Тоня заметила и горечь слов и боль в глазах.
— Ты что-то вспомнил?
— Да так, — нарочито небрежно ответил он и взял ее за руку. — Пойдем.
Иногда они вместе ходили на Усачевский рынок и покупали один-два килограмма безумно дорогой картошки, и тогда Тоня командовала:
— Лейтенант Володька, вам сегодня наряд без очереди — чистить картошку.

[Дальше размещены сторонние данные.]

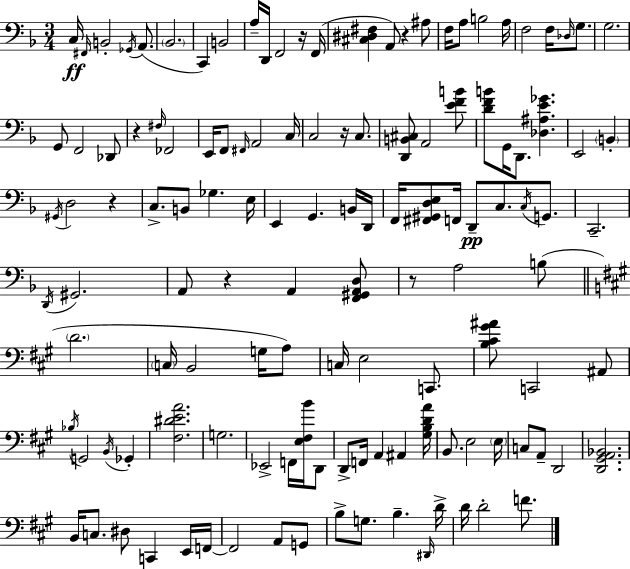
{
  \clef bass
  \numericTimeSignature
  \time 3/4
  \key d \minor
  c16\ff \grace { fis,16 } b,2-. \acciaccatura { ges,16 }( a,8. | \parenthesize bes,2. | c,4) b,2 | a16-- d,16 f,2 | \break r16 f,16( <cis dis fis>4 a,8) r4 | ais8 f16 a8 b2 | a16 f2 f16 \grace { des16 } | g8. g2. | \break g,8 f,2 | des,8 r4 \grace { fis16 } fes,2 | e,16 f,8 \grace { fis,16 } a,2 | c16 c2 | \break r16 c8. <d, b, cis>8 a,2 | <e' f' b'>8 <d' f' b'>8 g,16 d,8. <des ais e' ges'>4. | e,2 | \parenthesize b,4-. \acciaccatura { gis,16 } d2 | \break r4 c8.-> b,8 ges4. | e16 e,4 g,4. | b,16 d,16 f,16 <fis, gis, d e>8 f,16 d,8--\pp | c8. \acciaccatura { c16 } g,8. c,2.-- | \break \acciaccatura { d,16 } gis,2. | a,8 r4 | a,4 <f, gis, a, d>8 r8 a2 | b8( \bar "||" \break \key a \major \parenthesize d'2. | \parenthesize c16 b,2 g16 a8) | c16 e2 c,8. | <b cis' gis' ais'>8 c,2 ais,8 | \break \acciaccatura { bes16 } g,2 \acciaccatura { b,16 } ges,4-. | <fis dis' e' a'>2. | g2. | ees,2-> f,16 <e fis b'>16 | \break d,8 d,8-> f,16 a,4 ais,4 | <gis b d' a'>16 b,8. e2 | \parenthesize e16 c8 a,8-- d,2 | <d, gis, a, bes,>2. | \break b,16 c8. dis8 c,4 | e,16 f,16~~ f,2 a,8 | g,8 b8-> g8. b4.-- | \grace { dis,16 } d'16-> d'16 d'2-. | \break f'8. \bar "|."
}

— Есть наряд вне очереди. — И он отправлялся на кухню.
Правда, он очень скоро доказал Тоне, что чистить картошку в военное время — преступление. Ее надо варить в мундире.
Эту странную, почти семейную жизнь, только без ночей и близости, можно было бы назвать счастливой, если бы… Этих «если бы» было много. Первое и главное — это быстрота, с которой пробегали дни. Вторым «если бы» была Юлька. Потом — мать, с которой он не проводил и часа в день. Не был он и у матери Толи Кузнецова.
Никак не мог решиться пойти к жене Степанова. Не очень-то ясно было с Сергеем, который, как сообщила ему мать, перешел на другую работу, где ему вроде бы дают бронь.
— Ты должен все написать Юле, — не раз говорила ему Тоня.
— Пока не могу. Понимаешь, если бы она была дома, не в армии, все было бы проще. Я сказал бы ей — и все… А сейчас… Это, знаешь, как ударить лежачего, — отвечал Володька, и она молча соглашалась с ним, но через несколько дней возвращалась опять к этому.
В отношении Володькиной матери, которая почти его не видела, Тоня была жестче.
— Ты находился с матерью больше половины своего отпуска. Остаток его — мой и только мой, — заявила она однажды. — А потом, ты знаешь, для меня сейчас отец, брат — все ушли на второй план, а они же на фронте. Это страшно эгоистично, но я ничего не могу с собой поделать. Для меня сейчас существуешь только ты, лейтенант Володька. Я спокойна, только когда ты со мной. Разве у тебя по-другому?